July 2004
By Luis S R Vas
Several contemporary christian thinkers have delved deep into spirituality, often dialoguing with other faiths and imbibing from the indian heritage
Anthony De Mello
When Bombay-born Fr. Anthony de Mello died of a heart attack at Fordham University, USA, at the start of a lecture trip across the US in 1987 at the age of 56, his numerous admirers were stunned and aghast. De Mello was at the height of his powers. Readers were lapping up his books which straddled eastern and western spirituality for the first time in a way that was accessible to people everywhere. Sadhana, a virtual transcript of a workshop on vipassana meditation, was his enduring best seller. His other books included The Song of the Bird, One Minute Wisdom and Wellsprings. The first two were collections of transformative stories and the last a collection of exercises in the mould of Sadhana.
De Mello’s admirers were somewhat relieved when they learnt that he had left with his publishers Gujarat Sahitya Prakash a manuscript collection of more stories which were later published as The Prayer of the Frog in two volumes. Later two more manuscripts surfaced: Contact with God ( a collection of conferences), One Minute Nonsense (some more stories) and The Call to Love.

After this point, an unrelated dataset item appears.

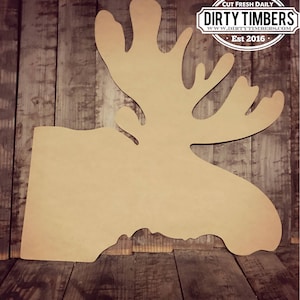 Unfinished Moose Head Door Hanger Hunting Deer DIY Blank Wood Cut Out Ready To Paint Custom Wholesale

As Fr de Mello’s popularity mounted, 10 years after his death the Vatican’s Congregation for the Doctrine of Faith (CDF) woke up and issued a notification warning of the dangers of de Mello’s work which it declared “incompatible with the Catholic faith” and a cause of “grave harm”.
Fr. David Toolan S.J., a Jesuit editor, wrote: “In my judgment, Father de Mello’s Sadhana remains the best Catholic ‘how to’ book for someone looking for instruction in methods of prayer. Some of de Mello’s early texts, the CDF acknowledges, ‘can be helpful in achieving self-mastery, in breaking the bonds and feelings that keep us from being free, and in approaching with serenity the various vicissitudes of life’. But overall de Mello’s writings are said to exhibit a ‘progressive distancing from the essential contents of the Christian faith’. Particularly objectionable, it is alleged, are his concept of the unknowability and cosmic impersonality of God, his sense of Jesus ‘as a master alongside others’, a preference for ‘enlightenment’, criticism of the church, and an excessive focus on this life rather than life after death. Bishops were ordered to ensure that the offending texts are withdrawn from sale and not reprinted.”

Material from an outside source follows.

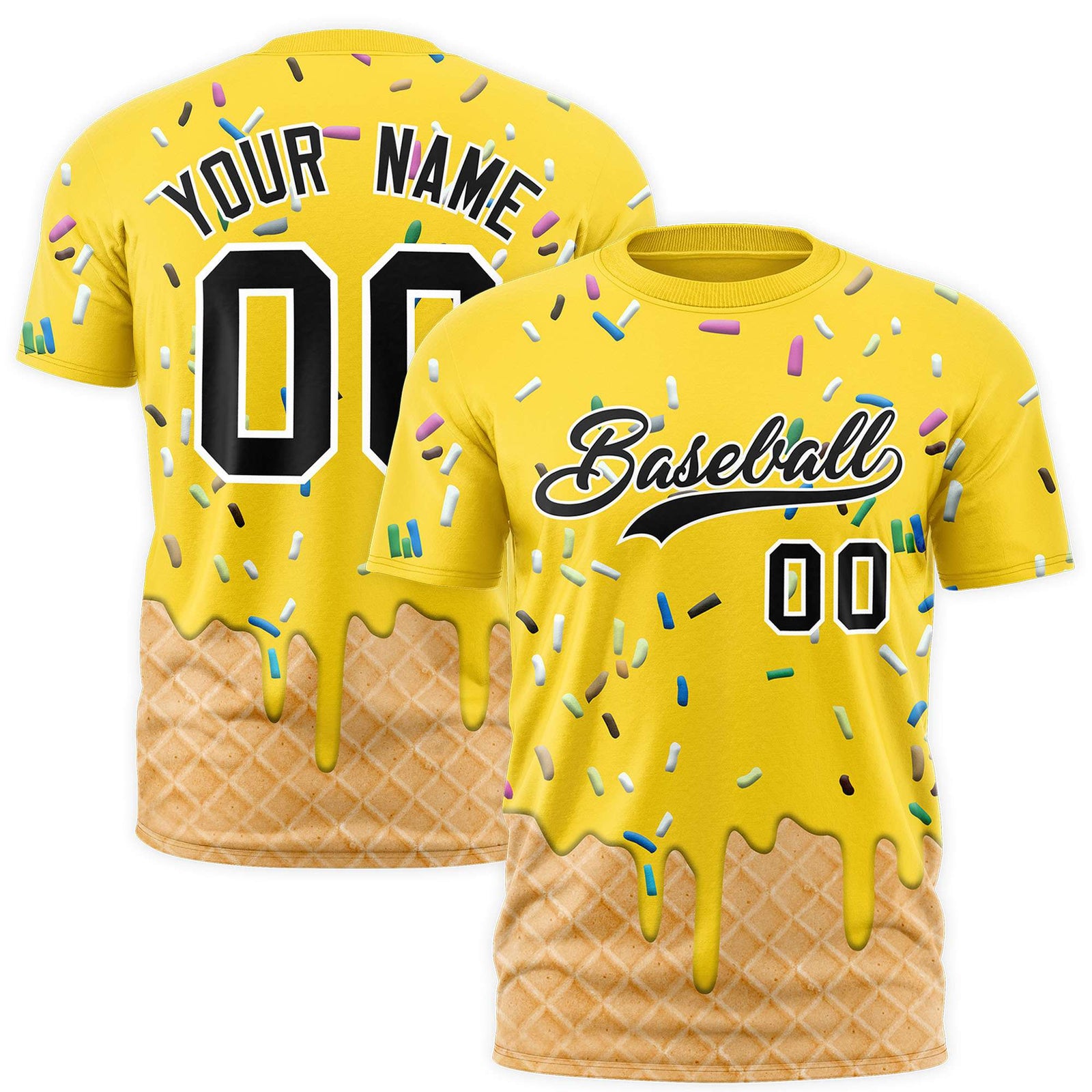 Custom Gold Ice Cream Cone Graffiti Pattern Fashion Authentic T-Shirt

Fr. Toolan goes on: “The Vatican is bewildered by de Mello’s emphasis on ‘awareness’ and ‘interior enlightenment’ over against Scripture, doctrine, and belief—and puts the worst possible construction on de Mello’s awkward formulations. His stress on awareness, I would say, tries to get at the difference between theory and experience, external conformity and interiorised faith, or the letter of the law versus the spirit. The Vatican complains of ‘ambiguity’ and ‘perplexity’ in interpretation.
“But of course. De Mello was not writing theology; he was a collector of parables, and loved to shake people up, get them thinking or reimagining. Above all, he was an artist in helping people to reimagine God—as much greater and more giving than they had dreamed… De Mello used an odd principle to get at the unfathomable goodness of God—the idea that God couldn’t be worse than you and I, but had to be at least as good as we are at our best. What came out of that pedestrian principle was a radical doctrine of divine abundance and grace.”
“He loved stories,” says Fr. Joseph Brown, a Jesuit priest who coordinated de Mello’s workshops in St. Louis, USA. “He was an entertainer, a storyteller and a challenger. He blows your mind. He is one of the most powerful speakers I have ever heard. He makes you see things in different ways. He was a genius of devising exercises for people to get in touch with themselves and to pray out of that experience.”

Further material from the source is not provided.